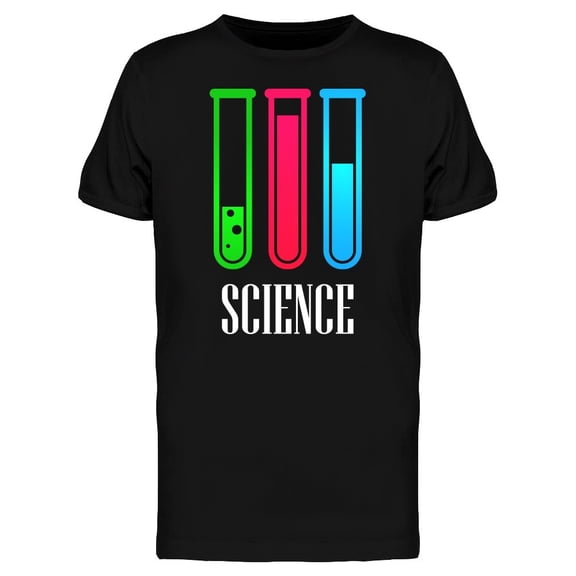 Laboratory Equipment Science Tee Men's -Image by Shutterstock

▬▬▬▬▬▬

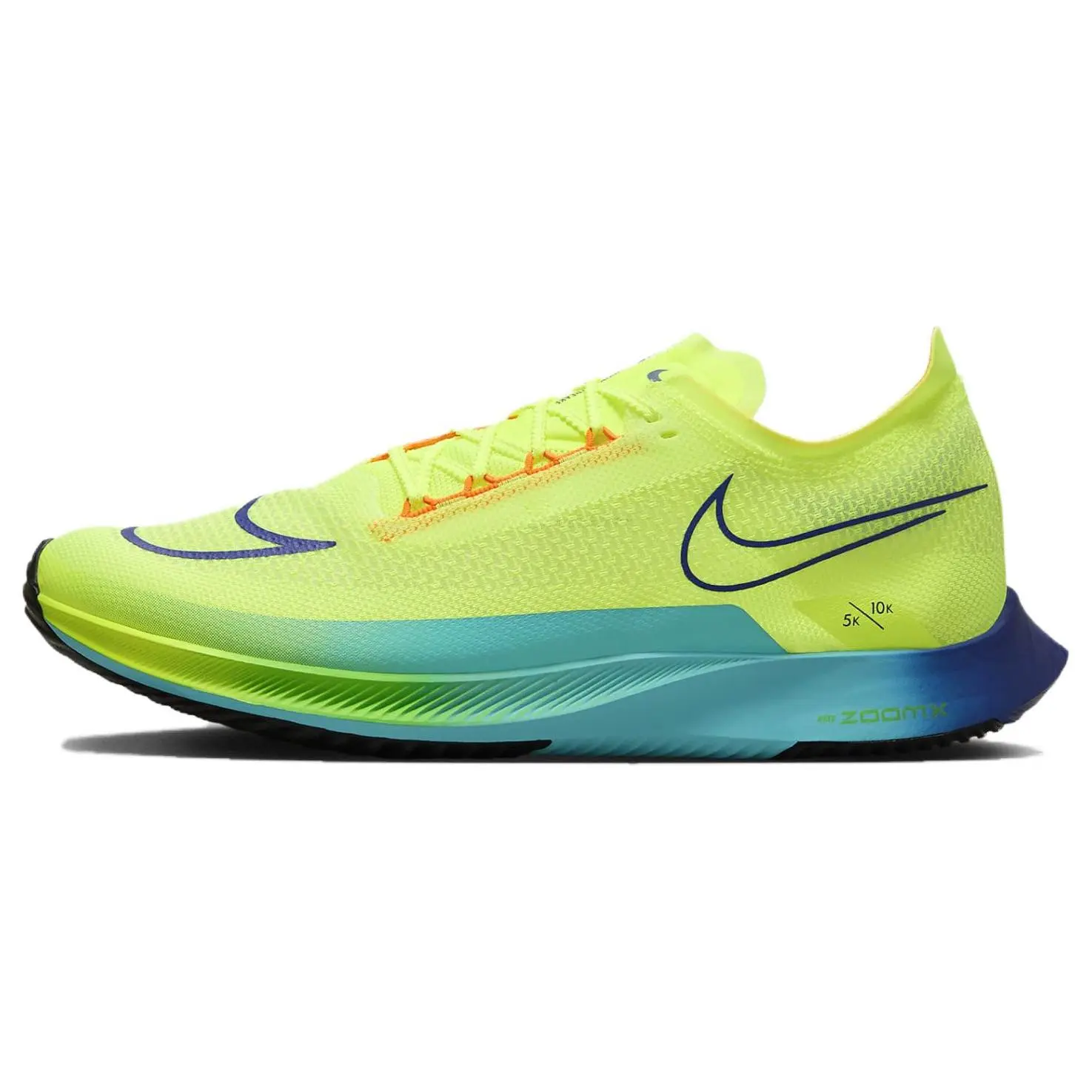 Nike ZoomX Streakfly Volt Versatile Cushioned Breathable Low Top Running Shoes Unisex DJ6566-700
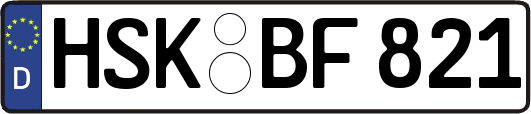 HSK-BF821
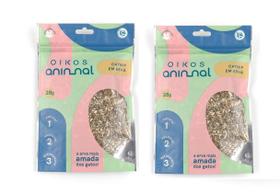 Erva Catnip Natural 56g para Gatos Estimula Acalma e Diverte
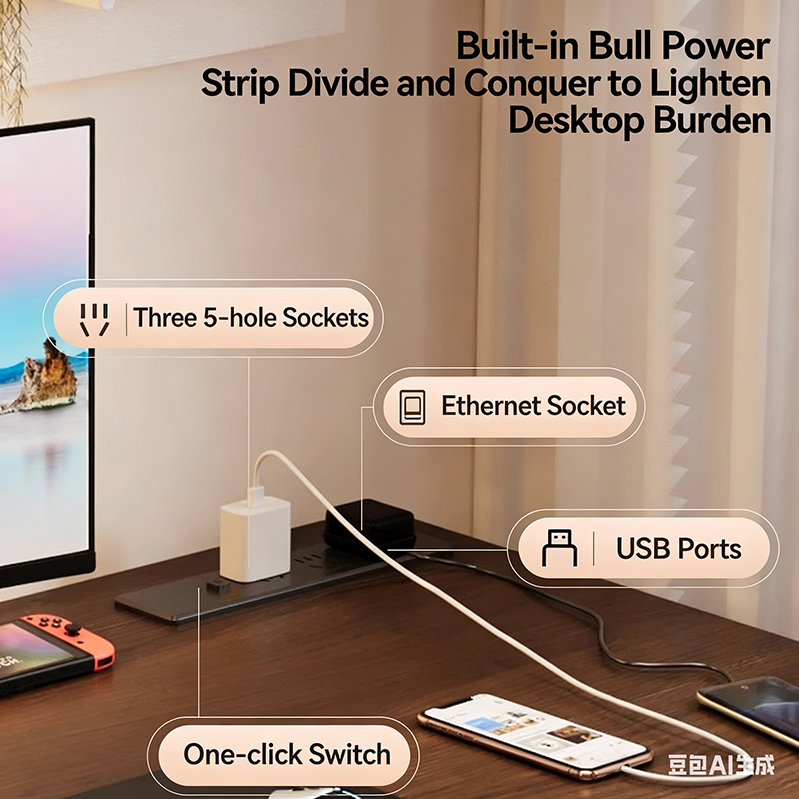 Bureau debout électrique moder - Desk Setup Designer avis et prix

▬▬▬▬▬▬

WHAT YOU NEED TO DO
Excerpt from the records above: set down only the lines from the one that contains "Nike ZoomX Streakfly" through the one that contains "Bureau debout électrique", inclusive, word for word. Pictures stay out.

ANSWER BOX
 Nike ZoomX Streakfly Volt Versatile Cushioned Breathable Low Top Running Shoes Unisex DJ6566-700
 HSK-BF821
 Erva Catnip Natural 56g para Gatos Estimula Acalma e Diverte
 Bureau debout électrique moder - Desk Setup Designer avis et prix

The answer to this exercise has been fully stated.